The respite has come after a cumulative hike of 2.50 percentage points by the central bank in the last one year. This had led to a welcome jump in bank fixed deposit rates but also an unwelcome increase in home and personal loan rates.
So, with the repo rate remaining unchanged at 6.5 percent, what does it mean for the borrowers?
Impact of rate hike pause on your loans
The good news is that for now, loan rates can be expected to remain stable. No doubt, these are already at elevated levels. Many borrowers saw their floating rate home loans go up from 6.5 percent to 9.5 percent in just a year. Such a sharp uptick led to a significant increase in loan EMIs or equated monthly instalments as well as an increase in the interest burden and tenures.
Those who could afford to do so opted to increase their EMIs to offset the rate hike. But those who couldn’t had no option but to agree to increase the repayment periods. In fact, there are stories being shared on social media where loan tenure for many increased from 20 years to 30-plus years due to increase in loan rates (with constant EMI). In several cases, this means the repayment period extends into the retirement years.
Had there been a rate hike in say, the April-June RBI MPC meets, it would have pushed home loan rates even further and close to 10 percent for many.
In sum, this decision to not raise the policy rate will bring some much-needed relief to borrowers by not pushing up their EMIs or interest for now.
Also read | Bajaj Housing Finance extends home loan tenor to 40 years: Should you opt for a home loan with longer tenor?
Link between repo rate and loan EMIs
The repo rate is not the only factor on which your loan rates are based. But it is still an important factor. The RBI uses the repo rate as a tool to control inflation.
But when it comes to the borrowers, a majority of the home loans nowadays have floating rates linked to but not limited to external benchmarks like the repo rate.
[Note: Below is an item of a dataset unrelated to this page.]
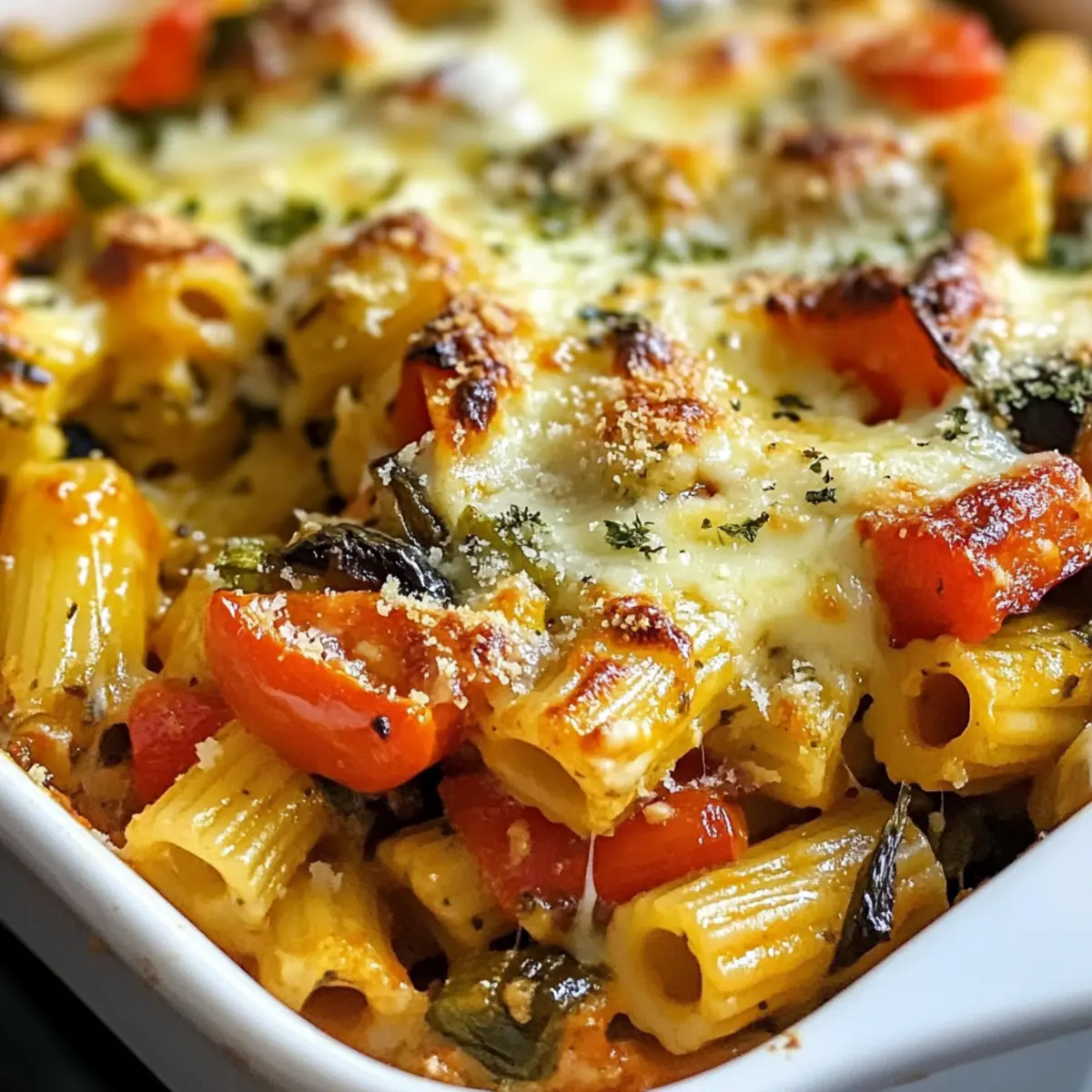 Mittelmeer-Gemüse-Nudeln-Auflauf für dein Wohlfühlessen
Hence, any increase in the repo rate (as had been happening in the last one year) leads to an automatic increase in the loan rates as well as monthly EMIs.
While the ongoing rate hike cycle has brought (financial) agony for borrowers, let’s not forget that when the RBI starts reducing the repo rate in the near future (as always happens once the rates have peaked and inflation is reined in), loan rates will again start falling and it will benefit borrowers who opted for the floating rate option.
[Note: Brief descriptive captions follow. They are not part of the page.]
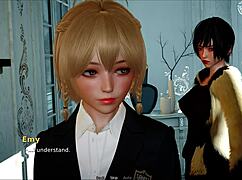 My bully is my lover in anime game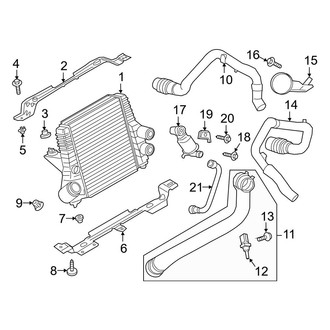 Ford OE - Cooling - Intercooler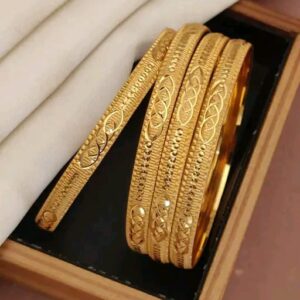 Elegant set of traditional gold-toned bangles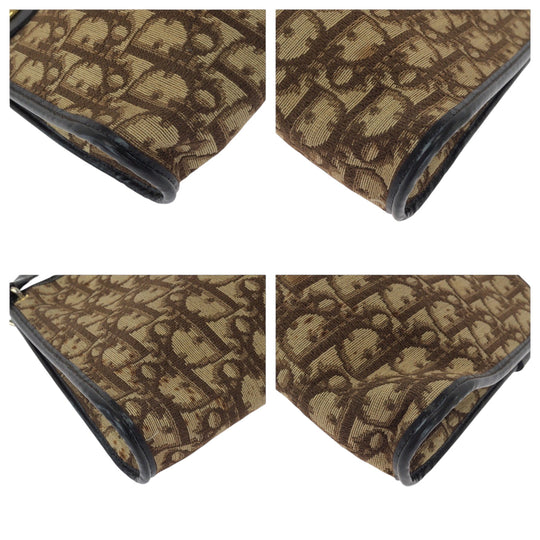 Dior Shoulder Bag canvas beige Trotter Pattern CD logo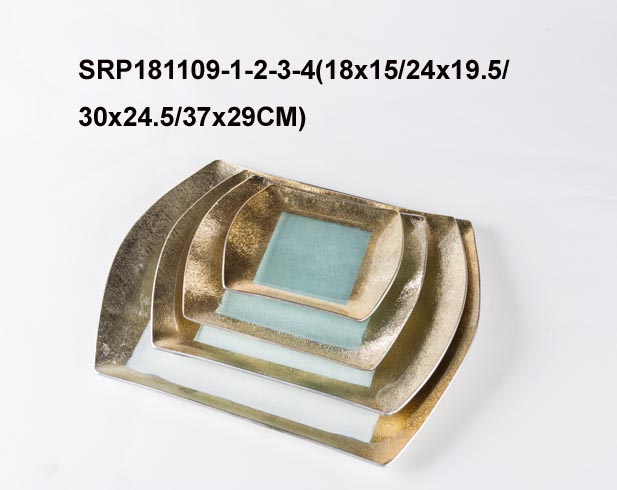 Glass Tablewares Glass Plate Decoration for Party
Clearly, the pain of an increased interest burden isn’t permanent. It is costing you money due to higher interest but rates will come down eventually.
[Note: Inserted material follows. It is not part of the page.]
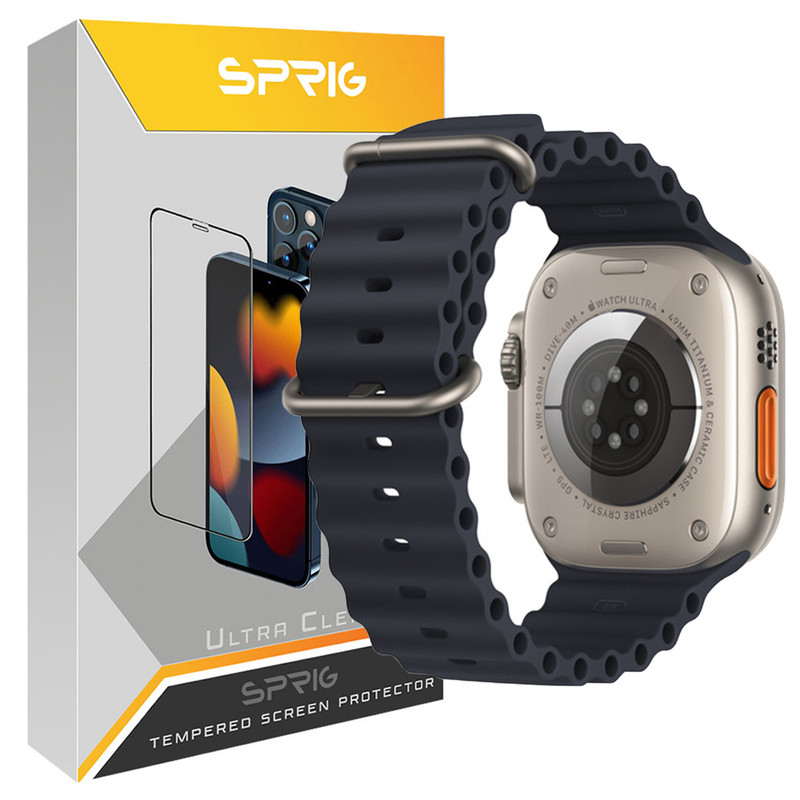 بند اسپریگ مدل Ocean مناسب برای ساعت هوشمند هاینو تکو T99 Ultra Max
Related Reading – Is it time to prepay your home loan?
Will repo rates and loan rates fall soon?
That’s the million-dollar question, isn’t it?
While the RBI’s decision to keep the repo rate unchanged comes as a welcome respite, it doesn’t guarantee that there will be no rate hikes in the future.
In April RBI governor Shaktikanta Das clarified that the apex bank’s decision to maintain repo rates at 6.50 percent was “a pause and not a pivot”. Now in June, with the RBI again maintaining status quo, Das said, “Whatever I said in the last meeting that it is not a pivot, I reiterate that,” meaning basically that if the situation warrants it, the RBI will not hesitate in hiking rates again.
But probabilistically speaking and assuming there are no fresh unexpected inflation triggers, a series of rate hike pause decisions might be a good sign. And once the inflationary pressures in the economy ease, the RBI will be in a comfortable position to begin cutting rates again. When this happens, the rate cuts will be passed on to borrowers (though slower than rate hike passes) and lead to a reduction in loan EMIs and interest burden.
That begs the question: How soon can we expect a rate cut?
We don’t know, to be honest. No one does. But the RBI’s decision will depend on incoming data. And the latest CPI data that came yesterday at 4.25% which was below previous months 4.70% offers some hope.
So, for borrowers, given that rates will come down in the near future, it is better to stick with floating-interest-rate loans for now, even if you rare getting offers for fixed-rate loans at slight discounts compared to floating-rate loans.